Fasano explica que “cuando se visualiza el cuerpo femenino como objeto consumible, al que se le niega subjetividad, voluntad y acción, se fomenta una sexualidad masculina basada en la dominación y en la violencia simbólica”. Los perfiles de mujeres en Instagram son bastantes parecidos, en términos generales: apuntan a mostrarse (y venderse) bajo una misma ficción, con determinado cuerpo, con determinadas poses y determinada búsqueda, una búsqueda de aceptación y deseo. Pero el problema es que las redes sociales en el siglo XXI se consumen como la realidad y no como una representación ficcional de ella.
Somos de carne y hueso pero también somos nuestro perfil de redes. Convivimos. En ambos planos nos enseñan cómo hay que verse para sea deseada: la mujer que puede ocupar un espacio en los medios de comunicación (pienso en Romina Malaspina de Canal 26 pero también en Morena Beltran de ESPN); la mujer que entra en los talles de la ropa que ofrecen las marcas (y el incumplimiento de la ley de talles sancionada en 2019); la mujer que sale en la publicidad del labial que te querés comprar (creyendo que vas a quedar como la chica de la foto con photoshop y ochocientos retoques digitales).

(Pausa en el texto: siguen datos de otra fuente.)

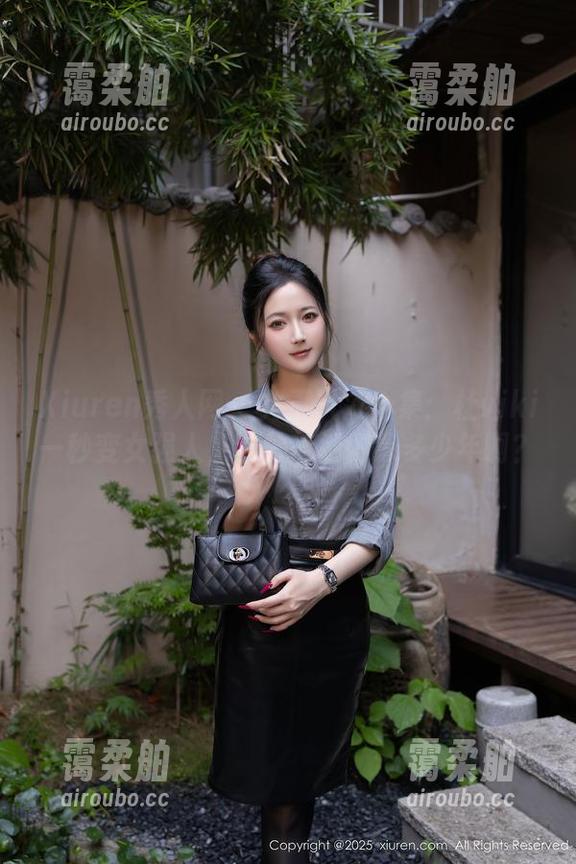Xiuren秀人网 - 女王风范合集：杜viki一秒变女强人，这种气场得练多少年啊？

La mujer que puede ser deseada, que puede mostrarse: la que todas podemos ver, a esa mujer aspiramos. Y en la sombra, la que no existe, la que no se mira: la que no está conduciendo un noticiero, la que no consigue un jeans de su talle y la que no sale en una publicidad de un labial.
En este sentido, Maria Laura Fasano explica que “las representaciones de las feminidades contemporáneas dan cuenta de un vasto entrenamiento visual que les permite posicionarse a ellas mismas como protagonistas de la ficción. Sea mediante fotos o videos, los rastros de una composición y de una puesta en escena cinematográfica o a veces televisiva, se escabulle como un guiño de teatralidad evidente”. Todas somos nuestra propia influencer.
“La posibilidad del engaño en cierto sentido todavía existe, porque las fotos que van a la aplicación pueden ser retocadas o al menos tomadas en los mejores ángulos posibles“, escribe Tamara Tenenbaum y agrega: “la mayoría de las mujeres que conozco hacen lo imposible por decodificar hasta la última gota de información que encuentran en un perfil: igual que cuando compramos una remera y chequeamos que no tenga demasiado polyester“.
Siguen sin aparecer los cuerpos: los reales, los de todas. Los unos pero también los otros. ¿Podemos dimensionar el alcance del sometimiento con el que convivimos para aspirar ser “la chica de la foto” si Oriana Sabatini tampoco llegó a ser “la chica de la foto”?